## About this exercise
The following data is to be repeated exactly, its pictures excluded.

## Data for this exercise
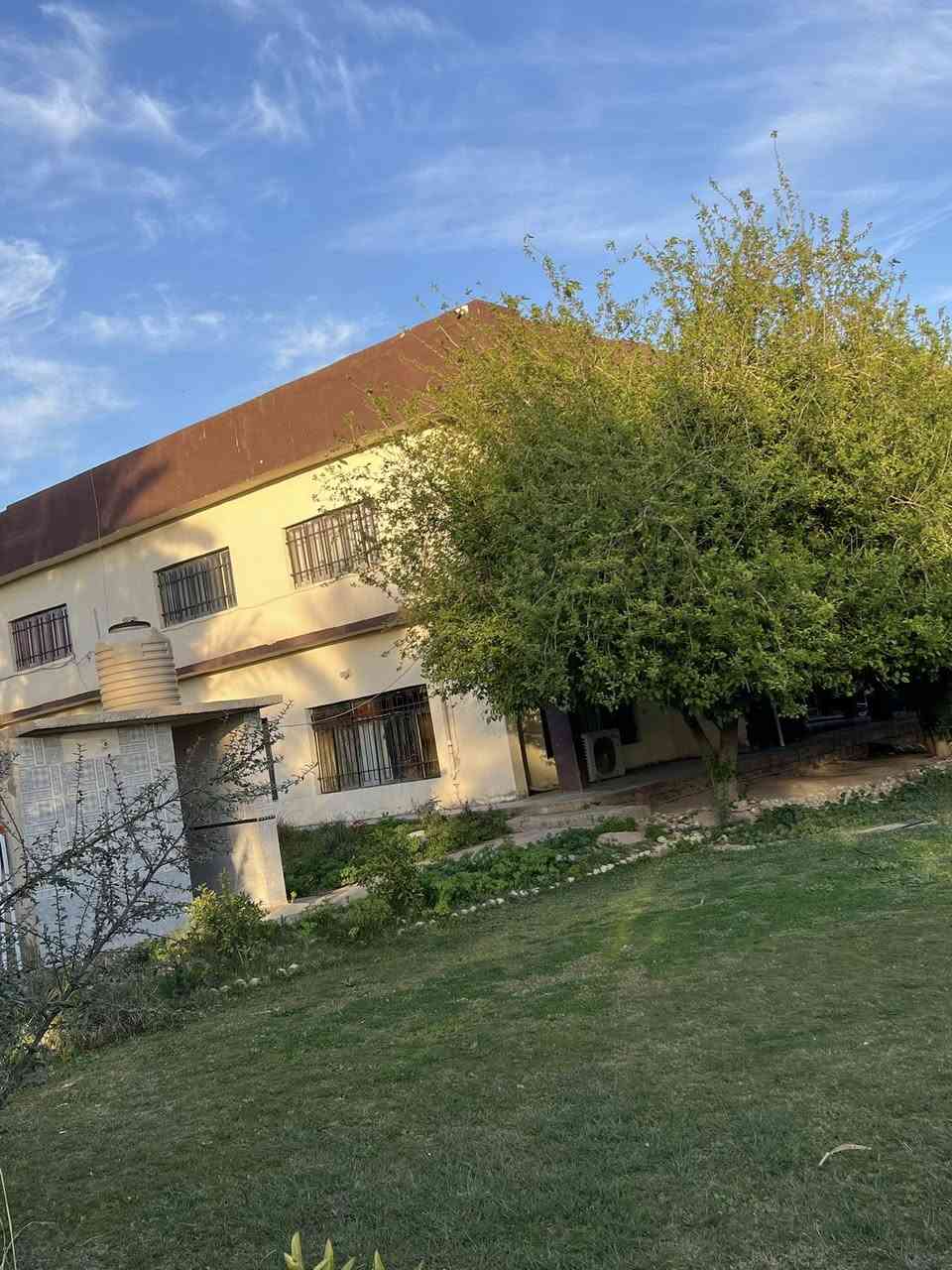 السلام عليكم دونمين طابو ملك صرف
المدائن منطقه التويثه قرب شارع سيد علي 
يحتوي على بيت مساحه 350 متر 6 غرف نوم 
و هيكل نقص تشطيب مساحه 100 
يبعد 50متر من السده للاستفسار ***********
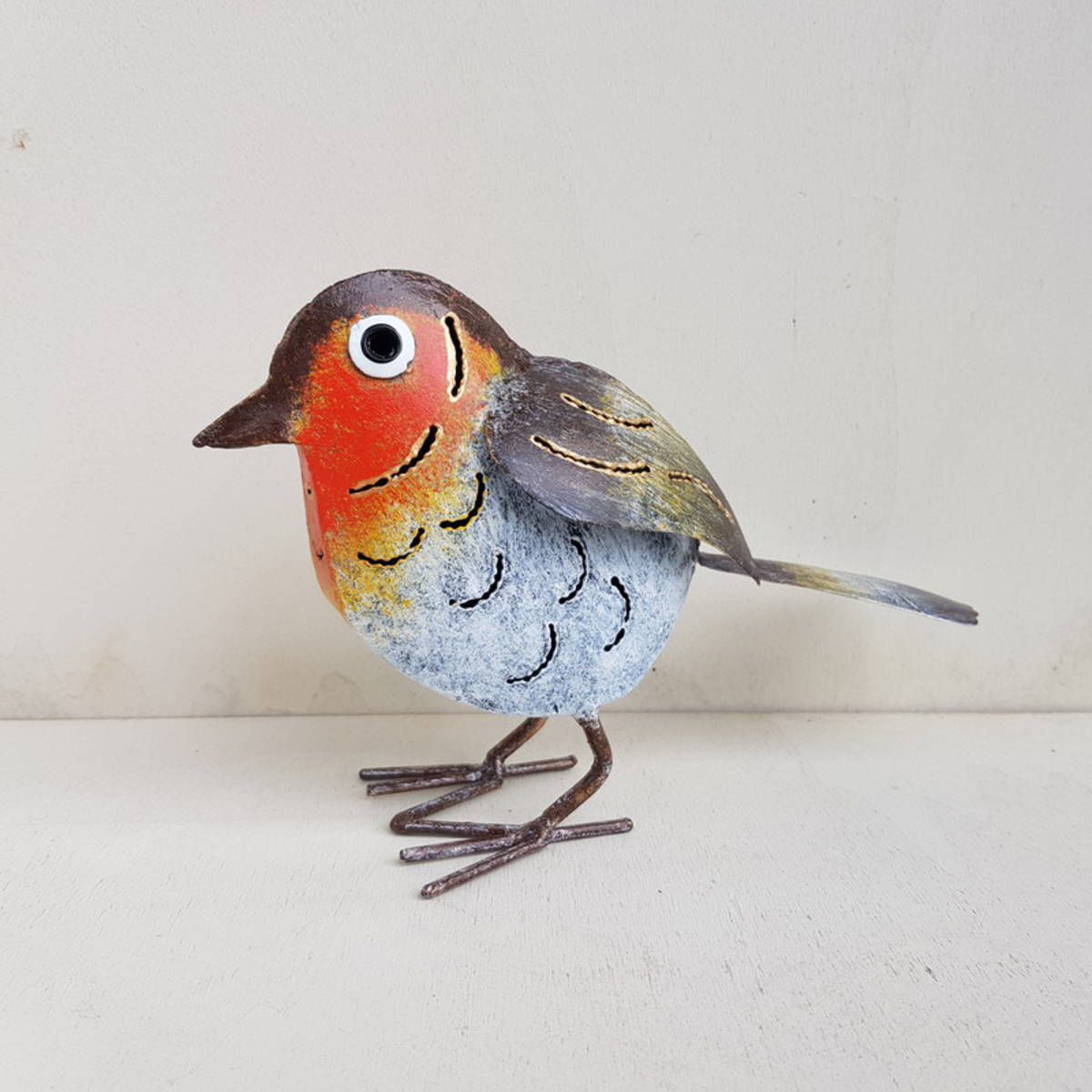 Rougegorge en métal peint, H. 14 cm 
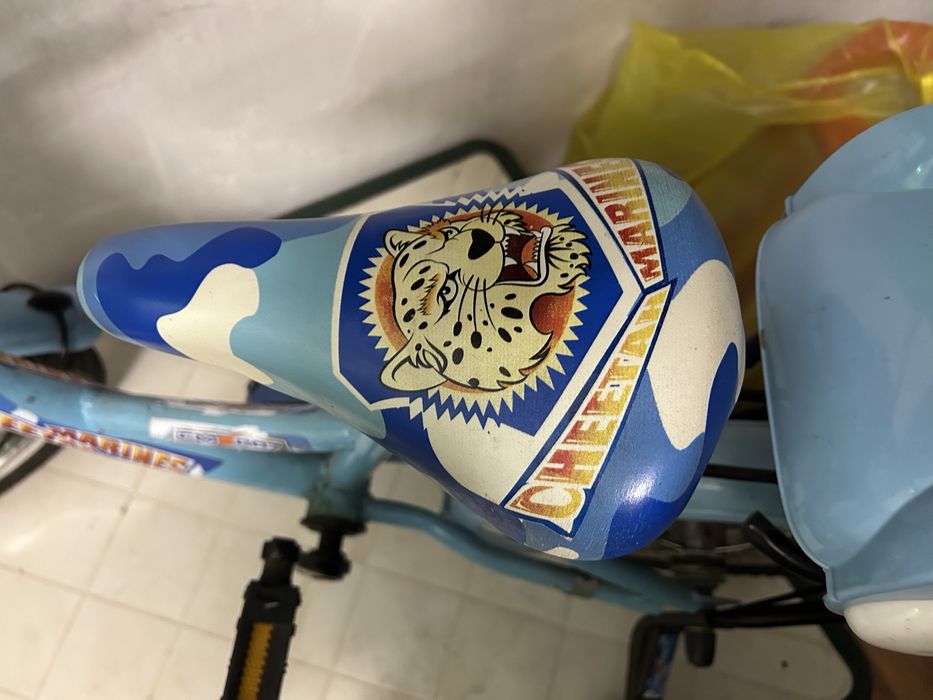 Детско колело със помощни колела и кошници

## Written solution
 السلام عليكم دونمين طابو ملك صرف
المدائن منطقه التويثه قرب شارع سيد علي 
يحتوي على بيت مساحه 350 متر 6 غرف نوم 
و هيكل نقص تشطيب مساحه 100 
يبعد 50متر من السده للاستفسار ***********
 Rougegorge en métal peint, H. 14 cm 
 Детско колело със помощни колела и кошници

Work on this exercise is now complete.